路線価の調べ方と見方については以下の記事で説明しています。

路線価の調べ方と見方を税理士がわかりやすく簡単に説明

なお、路線価を調べた結果、実は倍率地域だったという方は、「倍率地域とは?倍率地域の土地の評価額の計算方法を丁寧に説明」をご参照ください。

路線価による相続税評価額の計算方法

路線価地域に所在する宅地の相続税評価は路線価方式(路線価によって評価する方式)によって行います。

路線価とは土地の1平方メートル当たりの評価額なので、土地の評価額は、簡易的には、「路線価×地積(土地の面積)」で計算できます。

画地調整等

しかし、路線価方式では、次の画地調整率等により、加算、減算して評価することとされています。

  • 奥行価格補正率
  • 側方路線影響加算率
  • 二方路線影響加算率
  • 間口狭小補正率
  • 奥行長大補正率
  • 不整形地補正率
  • 規模格差補正率
  • 無道路地の評価による控除
  • がけ地補正率
  • 特別警戒区域補正率
  • 容積率の異なる2以上の地域にわたる宅地の評価による控除
  • 私道の評価
  • セットバックを必要とする宅地の評価
  • 都市計画道路予定地の区域内にある宅地の評価
  • 大規模工場用地等の評価

以下、それぞれについて説明します(詳しく説明している個別記事をご案内します)。

奥行価格補正率

奥行価格補正率とは、土地が接している道路からの奥行が深い(又は浅い)土地の相続税評価額を計算する際に、土地の価額を減額するために乗じる(掛け算する)割合です。

詳しくは「奥行価格補正率とは?奥行価格補正率表の見方と計算方法を説明」をご参照ください。

側方路線影響加算率・二方路線影響加算率

側方路線影響加算率とは、正面と側方に路線がある宅地(角地又は準角地)を評価する際に、側方路線に接していることが宅地の価値に与える影響を加味して、正面路線のみに接する場合の価額に一定額を加算するために、側方路線の路線価に乗じるための割合です。

二方路線影響加算率とは、正面と裏面に路線がある宅地を評価する際に、二方路線に接していることが宅地の価値に与える影響を加味して、正面路線のみに接する場合の価額に一定額を加算するために、二方路線の路線価に乗じるための割合です。

側方路線影響加算率及び二方路線影響加算率については「側方路線影響加算率を使った評価方法を税理士がわかりやすく説明」をご参照ください。

間口狭小補正率

間口狭小補正率とは、相続税の計算上、間口の狭小な宅地等を評価する際に、その宅地の路線価に乗じることができる割合です。

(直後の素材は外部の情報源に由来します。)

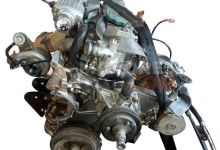 Motor 12L Land Rover Discovery I 2.5 TDi (5 dr) (113 cv)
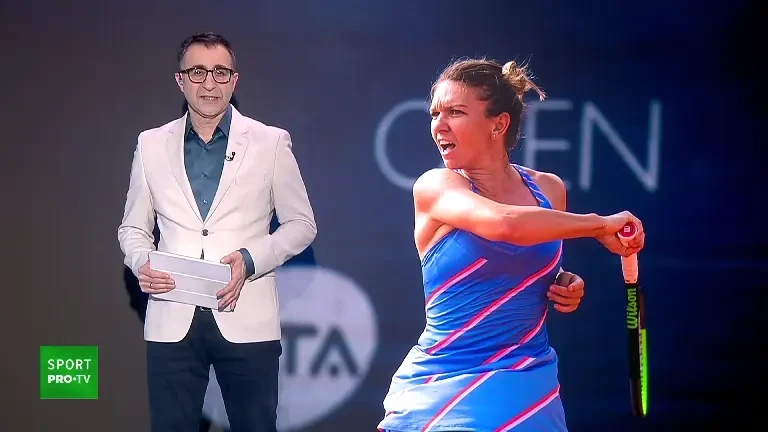 Ion Țiriac chestionează modul în care Simonei Halep i s-a recoltat sânge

詳しくは「間口狭小補正率とは?表の見方と間口の狭小な宅地等の評価方法」をご参照ください。

奥行長大補正率

奥行長大補正率とは、相続税の計算上、奥行が長大な土地を評価する際に、その土地の路線価に乗じることができる割合です。

詳しくは「奥行長大補正率とは?表の見方や不整形地補正との併用についても」をご参照ください。

不整形地補正率

不整形地とは、整形地(長方形(正方形も含む)の土地)ではない土地のことをいいます。

不整形地の価額は、奥行価格補正などによって計算した価額に、その不整形の程度、地区及び地積の大小に応じ、地区区分及び地積区分に応じた「不整形地補正率表」に定める補正率を乗じて計算した価額により評価します。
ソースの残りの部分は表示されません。